The past few months have brought bad news for Google Assistant and Amazon Alexa, as Google has lessened its focus on the former, while the latter has seen massive layoffs. Now, there might finally be a local-only voice assistant on the horizon, if a project from the team behind Home Assistant works out.
Google has, over the past year, put less and less of a priority on the Assistant. As our Abner Li recently detailed, the company pulled back on some Assistant projects such as Snapshot, Driving Mode, and Memory. Meanwhile, a report claimed that Amazon Alexa (and its hardware) loses upwards of $10 billion per year despite having over 70 million users, about 10 million behind Google Assistant.
With that in mind, some have wondered what the future of voice control for smart home devices might look like.
Home Assistant, for those unfamiliar, is an open-source tool used to control smart home devices over your local network, rather than requiring on cloud services. It works across many different devices and allows for in-depth automation as well.
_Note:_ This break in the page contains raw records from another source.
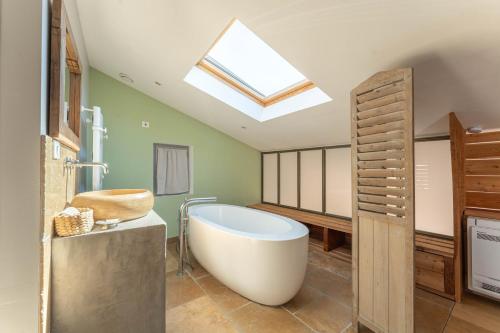 ein Badezimmer mit großer Badewanne und Oberlicht in der Unterkunft Ferme La Clavière, Maison de vacances Lou Mas in Mane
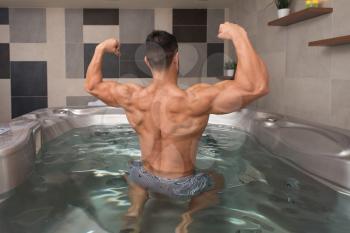 Wellness Spa - Man Flexing Muscles in Hot Tub Whirlpool Jacuzzi Indoors at Luxury Resort Spa Retreat - Handsome Young Male Model Standing Strong in Water Near Pool on Travel Vacation Holiday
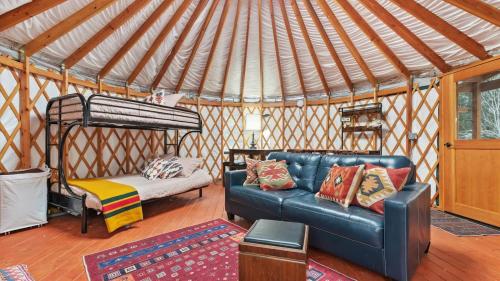 a living room with a couch and a bed in a yurt at Yurt 1 - The Prospector in Idaho City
The team behind Home Assistant, as reported by ArsTechnica, is now looking to take on the challenge of a voice assistant. The project is being based on “Rhasspy,” an open-source local voice assistant that has already been in development. The lead developer of that project has moved to Home Assistant full-time to work on the project. Rhasspy already supports 16 languages and the hope is to support all 62 languages that Home Assistant already supports in time.
When it does come to life, the goal of this project is to focus on the smart home only. This won’t compete with Google Assistant, Siri, or Alexa when it comes to web searches, calls, and other similar features. This is a decision being made in part to keep the project “manageable.”
It’s an ambitious project to say the least, but one we’ll be curious to see the end product in time.